Kurdish guerrillas claimed to be nearing the capture of a regional capital in northern Iraq while Shiite Muslims in the south reported more fighting in Karbala, an important religious site.

Clashes were also said to be taking place in Saddam City, a vast, predominately Shiite Muslim suburb of Baghdad. Refugees cited by news agencies said government troops placed parts of Saddam City under curfew and were firing at civilians there and in other parts of the Baghdad area.

Events there remain almost impossible to verify since Iraq continued to be closed to foreign journalists. Rebels maintain they are having success after success, especially in the oil-rich north, while Iraq's official media has given only indirect acknowledgment that fighting is even taking place.

The turmoil could affect the U.S.-led coalition if Iraq's central government is weakened to the point of being unable to sign a formal cease-fire or to fulfill its terms. Without a formal agreement, the U.S. military command has said it will not withdraw its occupation forces in southern Iraq.

Iraq sought to promise the United States yesterday that government forces would not use chemical weapons, a pledge intended to prevent coalition forces from intervening on the side of the rebels.

Iraq's United Nations mission made the promise in a statement issued in reaction to news reports that the United States had warned it would intervene with air strikes if chemical weapons were used.

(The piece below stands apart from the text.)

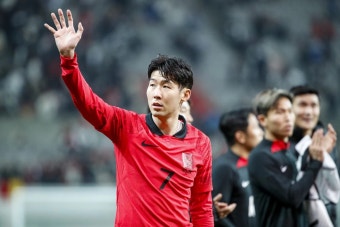“확실히 차기 주장감으로 보는 듯”…평가전 후 손흥민이 이강인에게 남긴 말 | 위키트리 “확실히 차기 주장감으로 보는 듯”…평가전 후...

"The government of Iraq categorically denies recent allegations implying that the Iraqi government has used or intended to use chemical weapons inside Iraq," the statement said.

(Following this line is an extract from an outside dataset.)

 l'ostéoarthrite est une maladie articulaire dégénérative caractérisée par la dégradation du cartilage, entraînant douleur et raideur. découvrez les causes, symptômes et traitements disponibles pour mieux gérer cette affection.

Western governments say Iraq used chemical weapons against Iraqi Kurds in the Iraqi village of Halabja in the closing stages of the Iran-Iraq war, killing 5,000 civilians.

Mr. Hussein has been challenged repeatedly by Kurdish rebellions, but Kurdish opposition was ruthlessly supressed. Shiites account for about 60 percent of Iraq's 17 million people but have been systematically excluded from power in favor of Mr. Hussein's fellow Sunni Muslims.

More than 300 delegates attended the meeting in Beirut. Gathering at a hotel, the delegates represented 23 opposition groups, characterized by intense rivalries and a history of ineffectiveness.

Various groups have envisioned radically different governments for Iraq. Delegates attending the conference include Shiite fundamentalists, Kurds who have sought an independent Kurdish state, Iraqi Communists, former military officers and exiled dissidents from Iraq's ruling Baath Party.

Spokesmen insisted the groups were united in a desire for a democratic government. Jala Talabani, head of the National Kurdish Union, said the dissidents "agreed to form a cabinet of all opposition members after toppling Saddam Hussein."

Iraq's government condemned the opposition groups as agents for the United States, Britain and Israel. Ignoring Mr. Hussein's ruthless suppression of dissent, al-Thawra, the Baath Party newspaper, called the dissidents cowards for living outside Iraq and accused them of plotting to partition the country.

In the latest reports of fighting, Shiites claimed government forces used tanks and artillery to shell Karbala, killing or 500 people. Rebels were said to be sheltering themselves in mosques that are among the Shiites' holiest sites.

A Shiite opposition figure in Iran said artillery caused heavy damage but did not indicate if fighting was continuing. "We hope that this campaign will fail," said Taqi al-Mudarresi, head of the Islamic Action Organization. "But the number of victims will be high."

Kurdish groups meanwhile offered conflicting statements about their efforts to capture control of the city of Kirkuk, one of the major cities in the oil-producing north. Iran's official news agency quoted a Kurdish spokesman as saying Kirkuk "is on the brink of falling" while a second spokesman said Kurdish forces were still several miles from the city.

Iran reported a spokesman for the Patriotic Union of Kurdistan as saying that guerrillas had captured 80 percent of Erbil province and 60 percent of Kirkuk province. Kurdish leaders claim they have controlled the city of Suleimaniyah and the surrounding area since Saturday.

Rebels report capturing large amounts of military including helicopters, and being joined by tens of thousands of defecting soldiers and militiamen.